In summary, Ni/Zn layered double hydroxide based nanohybrid was obtained using low-cost template-free hydrothermal process at 180 °C growth temperature during 6 h via the formation of two phases based of nickel hydrate hydroxide (α*−Ni(OH)₂ 0.75 H₂O) and zinc carbonate (Zn₅(CO₃)₂ (OH)₆), where the FTIR results also indicate the presence of functional groups that favor their electrostatic attraction with the anionic dye.

This multiscale porous hydroxide based nanohybrid with irregular-like nanoflakes in 3D spongeous shape hierarchical micro/nanostructures which possess very interesting specific surface area around 110 m² g⁻¹with reasonable pore volume and pore size distribution between [0.16–0.85 cm³ g⁻¹] and [12–32 nm], respectively, is accompanied by mixed oxidation states with two kinds of anions Ni²⁺ (or Zn²⁺) and Ni³⁺ (or Zn³⁺), allowing it to be a very good nanoadsorbent.
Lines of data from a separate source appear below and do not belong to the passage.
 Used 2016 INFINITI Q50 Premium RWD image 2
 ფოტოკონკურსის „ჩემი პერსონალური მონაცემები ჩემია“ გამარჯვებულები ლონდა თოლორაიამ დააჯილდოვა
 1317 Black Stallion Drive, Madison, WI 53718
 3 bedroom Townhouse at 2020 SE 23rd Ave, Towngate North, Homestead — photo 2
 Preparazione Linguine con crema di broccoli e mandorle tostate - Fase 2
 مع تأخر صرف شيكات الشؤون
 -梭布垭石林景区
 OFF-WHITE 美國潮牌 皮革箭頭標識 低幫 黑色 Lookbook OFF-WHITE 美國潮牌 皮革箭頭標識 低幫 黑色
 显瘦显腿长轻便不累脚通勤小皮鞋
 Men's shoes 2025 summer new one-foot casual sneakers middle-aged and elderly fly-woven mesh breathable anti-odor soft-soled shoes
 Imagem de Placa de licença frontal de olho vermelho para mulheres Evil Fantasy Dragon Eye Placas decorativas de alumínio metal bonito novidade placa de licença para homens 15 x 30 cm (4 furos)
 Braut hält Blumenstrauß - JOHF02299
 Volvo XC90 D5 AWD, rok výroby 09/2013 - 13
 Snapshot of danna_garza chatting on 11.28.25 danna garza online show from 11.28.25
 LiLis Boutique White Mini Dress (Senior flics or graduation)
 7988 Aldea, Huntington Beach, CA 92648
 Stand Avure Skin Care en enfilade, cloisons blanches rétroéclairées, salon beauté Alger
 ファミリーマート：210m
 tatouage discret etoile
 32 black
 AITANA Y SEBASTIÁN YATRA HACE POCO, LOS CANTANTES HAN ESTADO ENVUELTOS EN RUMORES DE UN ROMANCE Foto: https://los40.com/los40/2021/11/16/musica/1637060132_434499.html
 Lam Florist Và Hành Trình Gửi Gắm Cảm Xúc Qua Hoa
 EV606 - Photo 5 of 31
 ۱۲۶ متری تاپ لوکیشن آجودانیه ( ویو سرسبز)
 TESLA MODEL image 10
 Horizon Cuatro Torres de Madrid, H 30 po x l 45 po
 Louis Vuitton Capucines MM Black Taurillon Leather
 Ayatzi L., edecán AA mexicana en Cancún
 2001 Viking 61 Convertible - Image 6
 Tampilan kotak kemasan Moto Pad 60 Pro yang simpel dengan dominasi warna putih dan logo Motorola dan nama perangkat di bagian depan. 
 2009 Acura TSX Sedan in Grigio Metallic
The Az adsorption ability of this new kind of nanoadsorbent was systematically investigated using kinetic and equilibrium studies as well as by examining the effect of dosage adsorbents, initial adsorbate concentration, initial pH, temperature, etc. Thus, the capacity sorption of Az increases with increasing Az concentration, with a very fast sorption process whereby an equilibrium time of 60 min was obtained. The adsorption behavior of dye onto this Ni/Zn LDH nanohybrid was obviously influenced by the pH with the best removal efficiency at pH range from 6 to 7. We also, noted that our new nanoadsorbent presents an important adsorption capacity (~223 mgg⁻¹) compared to other materials. Moreover, the sorption kinetic data were more suitable with the pseudo-first-order (PFO) kinetic model. Langmuir adsorption isotherm model showed the best compatibility with the experimental data in comparison with other isotherm models.